Rustbelt, I didn't see any real comparison to The Thing. The look and feel is entirely different, as is the focus of the story. This is much more of an action drama, whereas The Thing was a sci-fi horror.

Kit said...

So its worth a look?

Tennessee Jed said...

I didn't mean that was necessarily the case with Grey. Rather an oblique reference to the "Taken" Franchise which has gone on two films to long. :)

AndrewPrice said...

Kit, Definitely... if you like this kind of movie.

AndrewPrice said...

Jed, I enjoyed Taken, but not the sequel.

Anonymous said...

I didn't know anything about the movie, but watched it for Liam Neeson, I enjoyed it a lot and I'm not sure how many other actors could have pulled it off.

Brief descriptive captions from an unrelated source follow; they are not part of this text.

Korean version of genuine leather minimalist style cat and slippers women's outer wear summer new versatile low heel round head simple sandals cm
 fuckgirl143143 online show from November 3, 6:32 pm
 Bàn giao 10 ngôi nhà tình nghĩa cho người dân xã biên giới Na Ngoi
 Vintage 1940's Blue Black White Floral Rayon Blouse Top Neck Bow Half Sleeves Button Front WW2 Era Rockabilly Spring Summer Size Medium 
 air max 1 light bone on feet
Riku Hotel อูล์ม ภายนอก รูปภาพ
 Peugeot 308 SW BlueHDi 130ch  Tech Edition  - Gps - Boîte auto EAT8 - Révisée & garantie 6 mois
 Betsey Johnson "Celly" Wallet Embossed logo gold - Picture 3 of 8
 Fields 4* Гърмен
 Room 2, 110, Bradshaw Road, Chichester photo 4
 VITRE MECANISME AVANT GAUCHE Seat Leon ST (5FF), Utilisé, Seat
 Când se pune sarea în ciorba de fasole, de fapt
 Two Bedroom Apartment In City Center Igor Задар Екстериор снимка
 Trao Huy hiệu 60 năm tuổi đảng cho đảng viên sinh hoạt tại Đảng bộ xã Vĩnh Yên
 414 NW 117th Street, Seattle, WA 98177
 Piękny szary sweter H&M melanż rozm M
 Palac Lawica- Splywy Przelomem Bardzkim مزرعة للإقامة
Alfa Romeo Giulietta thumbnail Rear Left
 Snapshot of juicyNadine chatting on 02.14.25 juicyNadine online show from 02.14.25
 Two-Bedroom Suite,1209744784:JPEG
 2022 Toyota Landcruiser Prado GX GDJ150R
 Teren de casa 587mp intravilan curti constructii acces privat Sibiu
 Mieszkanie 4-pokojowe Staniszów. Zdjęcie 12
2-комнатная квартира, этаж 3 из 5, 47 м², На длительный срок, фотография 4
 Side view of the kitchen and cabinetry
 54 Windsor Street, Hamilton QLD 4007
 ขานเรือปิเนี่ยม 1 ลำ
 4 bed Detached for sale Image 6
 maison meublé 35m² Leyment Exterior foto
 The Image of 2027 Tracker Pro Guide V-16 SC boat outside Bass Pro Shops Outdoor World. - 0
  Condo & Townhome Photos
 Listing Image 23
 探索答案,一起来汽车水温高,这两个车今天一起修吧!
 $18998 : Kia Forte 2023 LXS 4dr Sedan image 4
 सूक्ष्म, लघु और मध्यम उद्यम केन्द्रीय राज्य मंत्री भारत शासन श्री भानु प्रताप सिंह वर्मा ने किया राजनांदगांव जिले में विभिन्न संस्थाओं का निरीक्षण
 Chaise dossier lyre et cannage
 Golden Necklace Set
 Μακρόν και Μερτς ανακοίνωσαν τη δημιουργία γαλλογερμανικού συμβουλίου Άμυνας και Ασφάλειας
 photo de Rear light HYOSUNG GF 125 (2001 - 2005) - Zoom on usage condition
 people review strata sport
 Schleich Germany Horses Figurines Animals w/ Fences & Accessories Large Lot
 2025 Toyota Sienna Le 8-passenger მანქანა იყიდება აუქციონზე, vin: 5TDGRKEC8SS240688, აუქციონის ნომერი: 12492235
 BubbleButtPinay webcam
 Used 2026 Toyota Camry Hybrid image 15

I also was unsure about the ending, thinking about it, it isn't the usual ending we get so I appreciate that they took the chance to stand out and not give us what we expected. Overall it was a thoughtful well made movie, which I could watch again.


AndrewPrice said...

Scott, I honestly wasn't expecting much. It seemed like a very limited concept that had been thoroughly played out. But the writing was much better than I expected, Neeson really pulled it off, and the ending does make it stand out even more. In fact, I can't think of a more appropriate ending.

Unknown said...

Thanks for another really insightful review, Andrew. Regarding Neeson and "He is probably the most compelling actor of our age on screen", compelling is exactly the right word. Watching Neeson makes even pulp action like the Taken series compelling viewing. Even his lego avatar is awesome.

Kit said...

Agree about Neeson. Few actors can hold a candle to him in the presence factor.

AndrewPrice said...

John, You're welcome. :)

Neeson is compelling. There is just something about him that makes you want to watch. And he puts that to good use here and most of his other recent films.

AndrewPrice said...

Kit, Agreed. He stands apart right now from most of Hollywood.